# Ruth Moschner - hört beim "Riverboat" auf



## sluderjan (30 Nov. 2013)

:thx::thx::thx: an Ruth Moschner für Moderation, Mode, Präsentation und ein bezauberndes Lächeln in vielen Sendungen seit 2010! Am 13. Dezember 2013 wird es die letzte RIVERBOAT-Sendung im MDR geben, denn Sender und Moderatorin wollten ihren Ende Dezember auslaufenden Vertrag nicht verlängern, wie verschiedene Medien berichten. Was Neues hat sie bisher nicht angekündigt. Also alles Gute auch fürs Private (ein Baby?) und auf ein Wiedersehen!!:thumbup::thumbup::thumbup:


----------



## Reuters (1 Dez. 2013)

Ich will Ines Trams als Nachfolgerin!!


----------



## Chamser81 (1 Dez. 2013)

Wäre schön wenn die Kim Fisher wieder zurückkehrt!


----------



## comatron (1 Dez. 2013)

Letzte Sendung überhaupt oder letzte mit Moschner ?


----------



## Chamser81 (2 Dez. 2013)

comatron schrieb:


> Letzte Sendung überhaupt oder letzte mit Moschner ?



Letzte Sendung mit Moschner.
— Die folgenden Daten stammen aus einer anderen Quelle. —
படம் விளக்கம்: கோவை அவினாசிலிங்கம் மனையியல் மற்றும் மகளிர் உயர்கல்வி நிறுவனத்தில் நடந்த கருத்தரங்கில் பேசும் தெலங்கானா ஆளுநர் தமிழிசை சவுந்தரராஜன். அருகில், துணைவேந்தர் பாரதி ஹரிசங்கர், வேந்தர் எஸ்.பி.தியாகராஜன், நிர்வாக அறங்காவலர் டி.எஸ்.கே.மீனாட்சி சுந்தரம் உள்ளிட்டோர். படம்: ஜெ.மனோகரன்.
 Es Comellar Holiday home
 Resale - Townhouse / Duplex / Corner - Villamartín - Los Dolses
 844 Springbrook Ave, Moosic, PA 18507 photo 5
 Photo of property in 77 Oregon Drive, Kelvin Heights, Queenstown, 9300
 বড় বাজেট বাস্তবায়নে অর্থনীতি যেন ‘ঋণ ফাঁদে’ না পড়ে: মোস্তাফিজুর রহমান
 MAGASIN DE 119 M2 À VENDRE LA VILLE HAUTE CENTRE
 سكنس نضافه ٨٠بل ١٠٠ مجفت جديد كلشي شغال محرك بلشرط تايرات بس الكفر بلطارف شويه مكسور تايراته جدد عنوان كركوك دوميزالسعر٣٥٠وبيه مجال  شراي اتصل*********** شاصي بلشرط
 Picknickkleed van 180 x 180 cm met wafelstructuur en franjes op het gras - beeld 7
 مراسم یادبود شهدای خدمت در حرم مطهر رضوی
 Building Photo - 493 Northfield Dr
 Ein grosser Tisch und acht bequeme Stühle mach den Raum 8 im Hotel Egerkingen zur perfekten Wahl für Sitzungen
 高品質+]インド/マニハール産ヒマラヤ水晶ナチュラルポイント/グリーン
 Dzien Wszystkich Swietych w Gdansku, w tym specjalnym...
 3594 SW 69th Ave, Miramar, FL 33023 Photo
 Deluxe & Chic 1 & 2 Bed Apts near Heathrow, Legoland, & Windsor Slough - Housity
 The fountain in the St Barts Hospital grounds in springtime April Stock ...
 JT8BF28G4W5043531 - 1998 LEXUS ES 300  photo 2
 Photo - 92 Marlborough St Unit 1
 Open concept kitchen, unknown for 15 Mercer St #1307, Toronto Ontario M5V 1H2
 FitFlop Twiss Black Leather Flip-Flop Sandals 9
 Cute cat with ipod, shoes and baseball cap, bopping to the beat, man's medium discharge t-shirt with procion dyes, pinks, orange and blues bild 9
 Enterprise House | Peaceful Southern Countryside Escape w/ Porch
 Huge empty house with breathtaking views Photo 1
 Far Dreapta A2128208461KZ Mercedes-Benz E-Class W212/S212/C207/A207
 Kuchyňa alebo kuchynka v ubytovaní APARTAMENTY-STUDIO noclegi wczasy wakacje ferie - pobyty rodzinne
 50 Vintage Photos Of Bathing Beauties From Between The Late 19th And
Die Nachfolgerin steht laut MDR auch noch nicht fest.


----------



## chini72 (2 Dez. 2013)

Oh NEE!! Nicht meine Ruth!!


----------



## fredclever (2 Dez. 2013)

Ich schlage Ines Krüger als Nachfolgerin vor.


----------



## emperor-666 (17 Jan. 2014)

Chamser81 schrieb:


> Wäre schön wenn die Kim Fisher wieder zurückkehrt!



Da kannst du dich ja jetzt freuen: Sie kommt tatsächlich zurück


----------